* Exercise aim
Exactly as they appear, write the lines from the one containing "Könnte beinhalten: Ein" to the final line of the entries, leaving pictures out.

(Dataset excerpts)
○ ○ ○ ○ ○ ○ ○

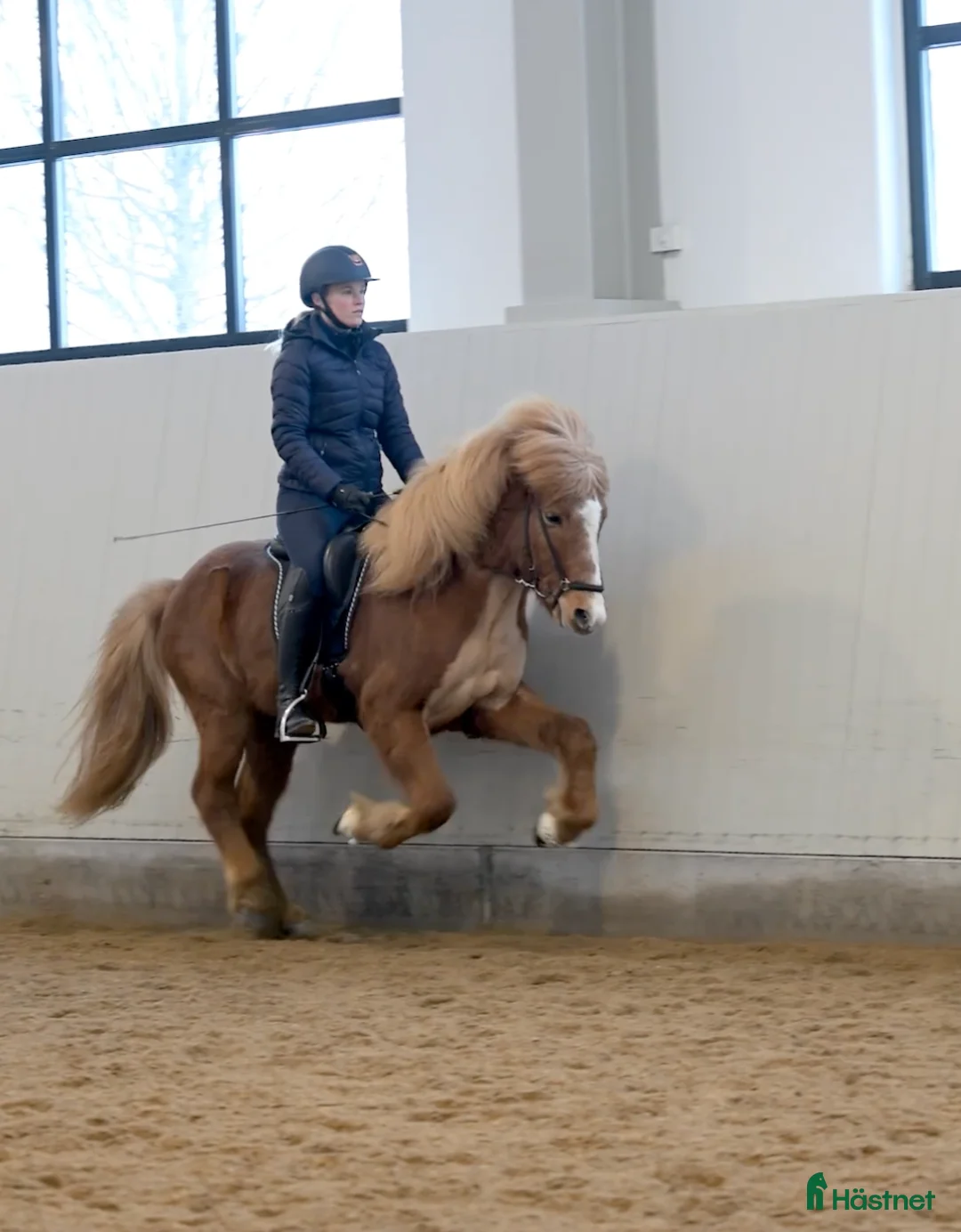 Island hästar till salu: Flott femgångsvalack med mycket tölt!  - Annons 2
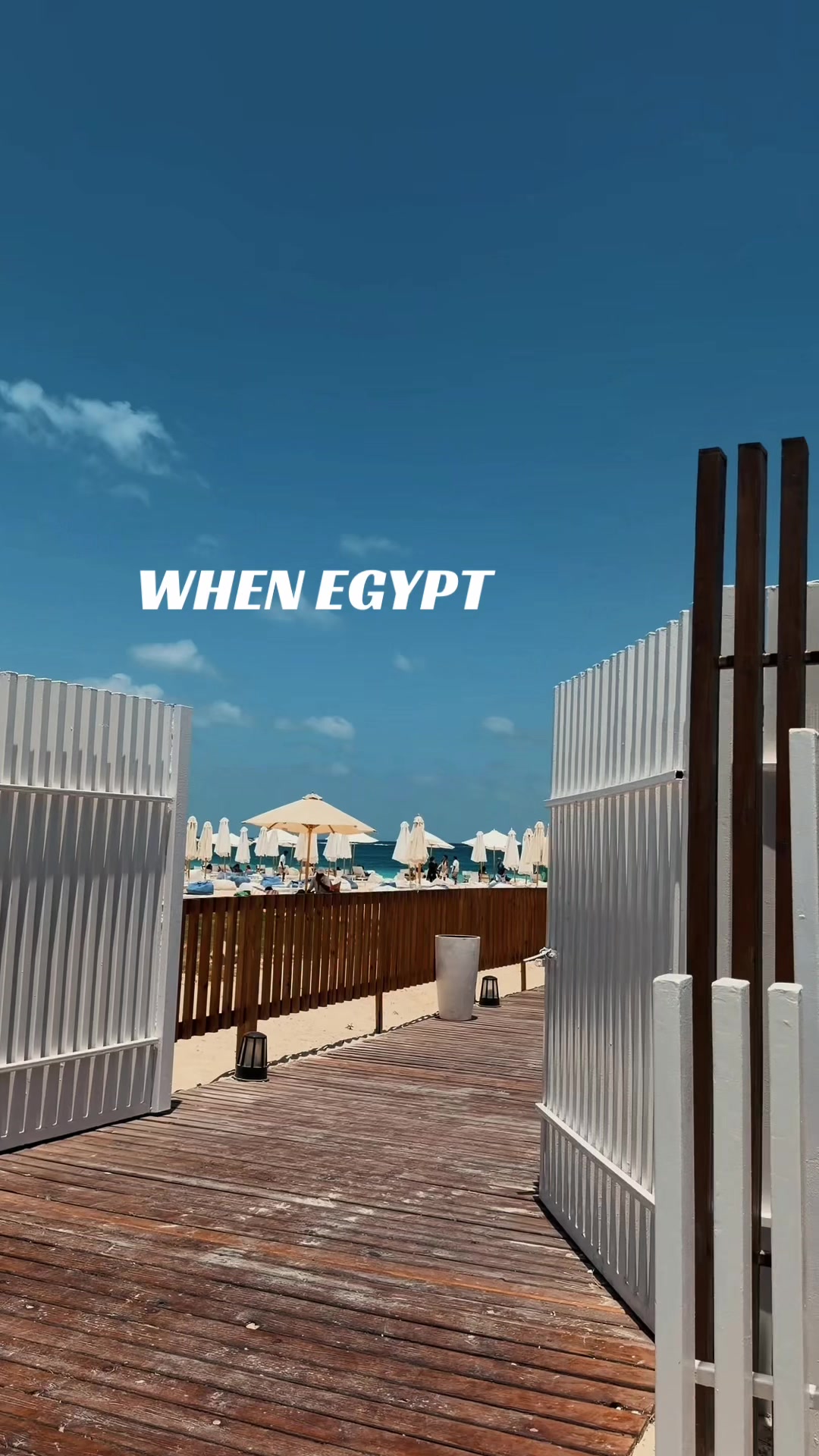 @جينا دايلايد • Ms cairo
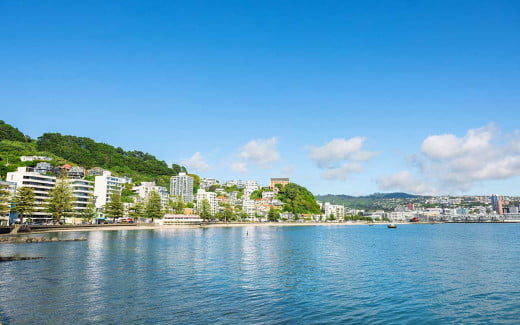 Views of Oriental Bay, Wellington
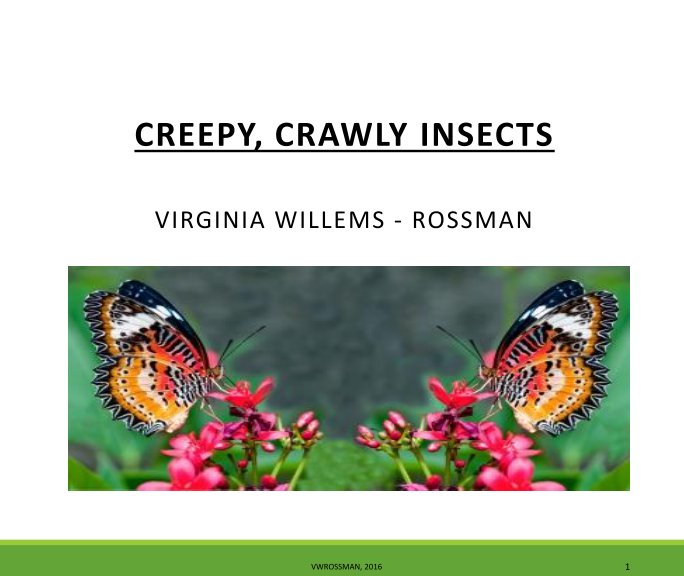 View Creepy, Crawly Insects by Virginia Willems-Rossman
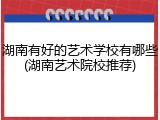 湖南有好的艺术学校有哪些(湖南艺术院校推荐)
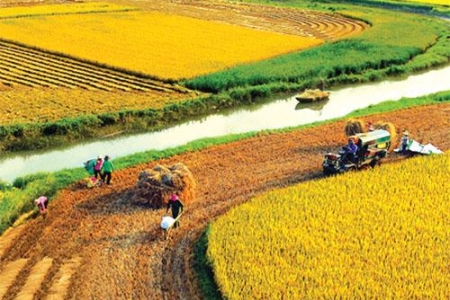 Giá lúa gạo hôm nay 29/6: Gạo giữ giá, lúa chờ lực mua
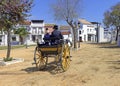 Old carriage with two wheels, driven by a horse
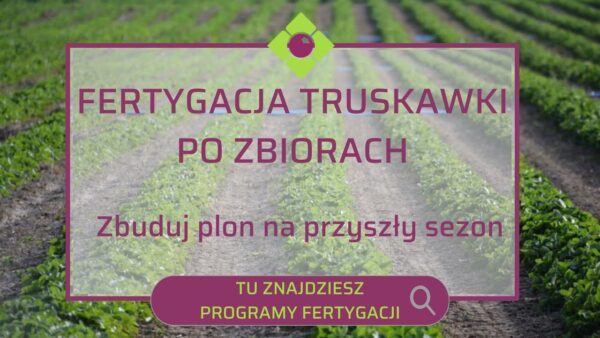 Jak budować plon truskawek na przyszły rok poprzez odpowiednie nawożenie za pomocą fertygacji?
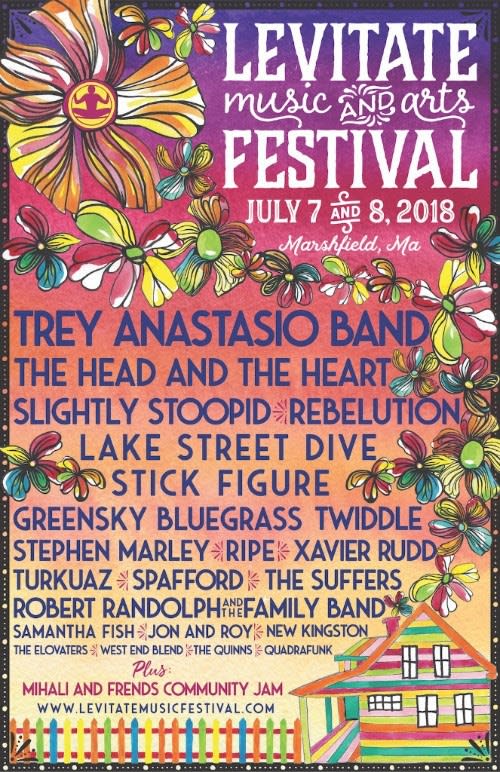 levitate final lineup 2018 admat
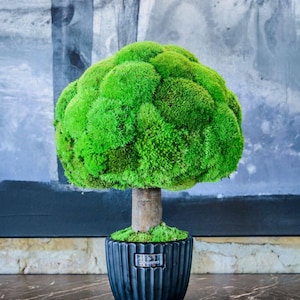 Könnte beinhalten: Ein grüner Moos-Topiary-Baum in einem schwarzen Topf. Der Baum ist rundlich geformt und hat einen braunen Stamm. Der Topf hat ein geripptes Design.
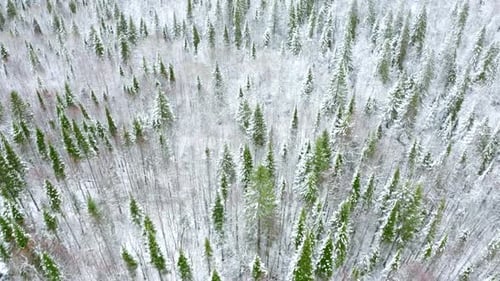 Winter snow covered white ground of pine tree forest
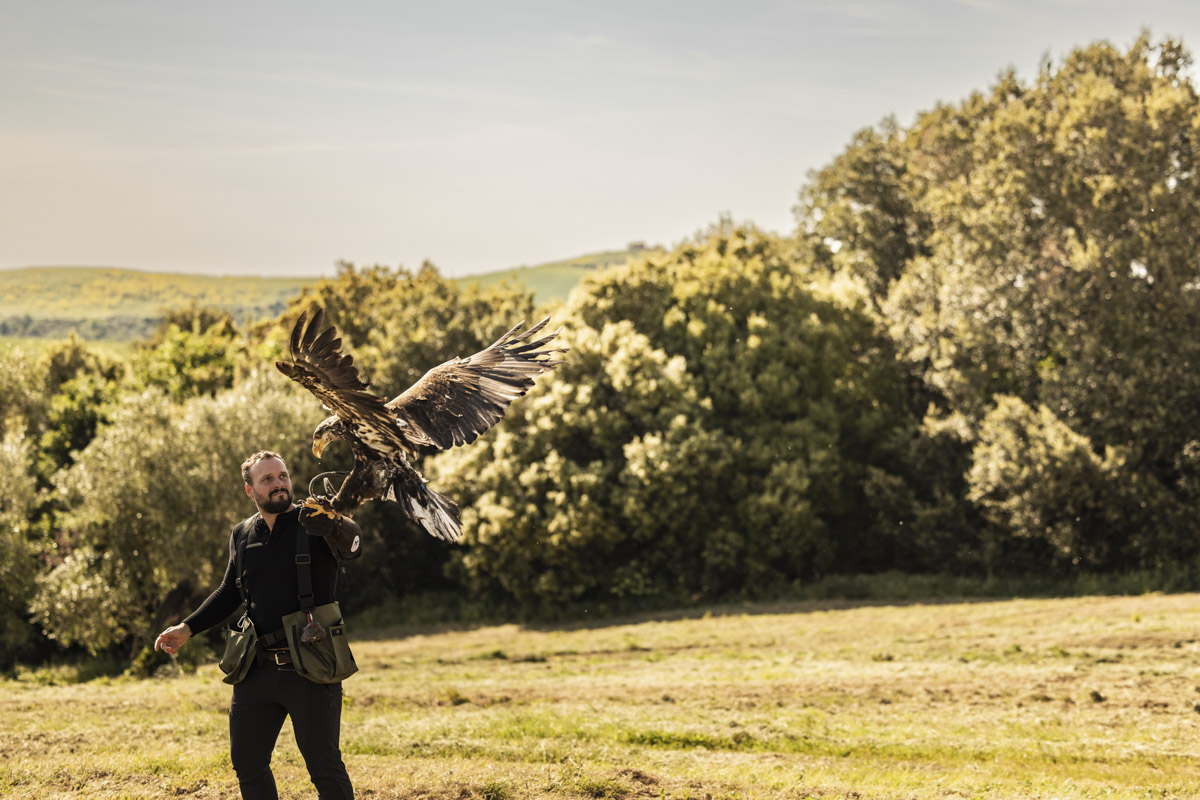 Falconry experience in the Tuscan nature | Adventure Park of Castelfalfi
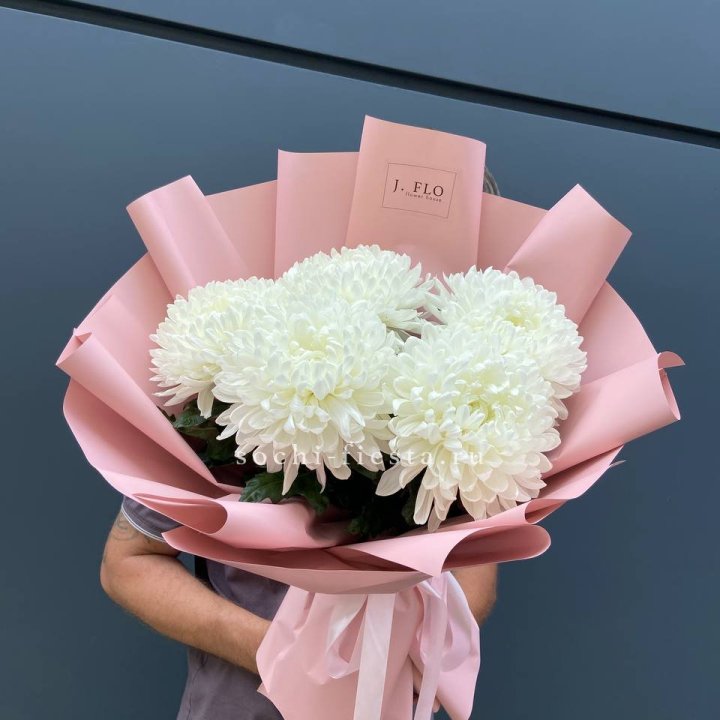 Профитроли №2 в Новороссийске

○ ○ ○ ○ ○ ○ ○

* Result for this task
 Könnte beinhalten: Ein grüner Moos-Topiary-Baum in einem schwarzen Topf. Der Baum ist rundlich geformt und hat einen braunen Stamm. Der Topf hat ein geripptes Design.
 Winter snow covered white ground of pine tree forest
 Falconry experience in the Tuscan nature | Adventure Park of Castelfalfi
 Профитроли №2 в Новороссийске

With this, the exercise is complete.